• **What you need to do**
Below are some records; quote exactly the lines from the one that contains "Stayhomewithbuddy 今 愛犬とおうち時間を楽しむためのおすすめ記事7選" through the one that contains "A bright dining", inclusive, and no others.

(Items listed in a dataset)

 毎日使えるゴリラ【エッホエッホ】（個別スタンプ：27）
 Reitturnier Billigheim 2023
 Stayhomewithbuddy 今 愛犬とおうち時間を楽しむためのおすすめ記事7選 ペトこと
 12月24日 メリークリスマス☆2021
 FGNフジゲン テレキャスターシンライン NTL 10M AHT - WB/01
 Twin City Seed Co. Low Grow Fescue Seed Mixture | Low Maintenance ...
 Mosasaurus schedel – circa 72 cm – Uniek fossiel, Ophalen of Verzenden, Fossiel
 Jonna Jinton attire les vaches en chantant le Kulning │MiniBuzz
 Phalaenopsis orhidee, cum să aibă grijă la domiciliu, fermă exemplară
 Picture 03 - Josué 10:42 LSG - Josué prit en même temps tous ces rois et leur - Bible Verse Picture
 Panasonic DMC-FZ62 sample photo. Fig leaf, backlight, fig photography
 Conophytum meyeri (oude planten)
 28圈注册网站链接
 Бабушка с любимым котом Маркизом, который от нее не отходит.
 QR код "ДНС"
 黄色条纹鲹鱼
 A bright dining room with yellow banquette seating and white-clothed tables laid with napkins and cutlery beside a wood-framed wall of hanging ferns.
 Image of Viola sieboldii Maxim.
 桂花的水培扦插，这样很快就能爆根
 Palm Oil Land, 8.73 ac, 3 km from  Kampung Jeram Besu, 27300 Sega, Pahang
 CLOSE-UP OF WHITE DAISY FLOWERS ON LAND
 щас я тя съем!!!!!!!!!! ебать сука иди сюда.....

• **Response area**
 Stayhomewithbuddy 今 愛犬とおうち時間を楽しむためのおすすめ記事7選 ペトこと
 12月24日 メリークリスマス☆2021
 FGNフジゲン テレキャスターシンライン NTL 10M AHT - WB/01
 Twin City Seed Co. Low Grow Fescue Seed Mixture | Low Maintenance ...
 Mosasaurus schedel – circa 72 cm – Uniek fossiel, Ophalen of Verzenden, Fossiel
 Jonna Jinton attire les vaches en chantant le Kulning │MiniBuzz
 Phalaenopsis orhidee, cum să aibă grijă la domiciliu, fermă exemplară
 Picture 03 - Josué 10:42 LSG - Josué prit en même temps tous ces rois et leur - Bible Verse Picture
 Panasonic DMC-FZ62 sample photo. Fig leaf, backlight, fig photography
 Conophytum meyeri (oude planten)
 28圈注册网站链接
 Бабушка с любимым котом Маркизом, который от нее не отходит.
 QR код "ДНС"
 黄色条纹鲹鱼
 A bright dining room with yellow banquette seating and white-clothed tables laid with napkins and cutlery beside a wood-framed wall of hanging ferns.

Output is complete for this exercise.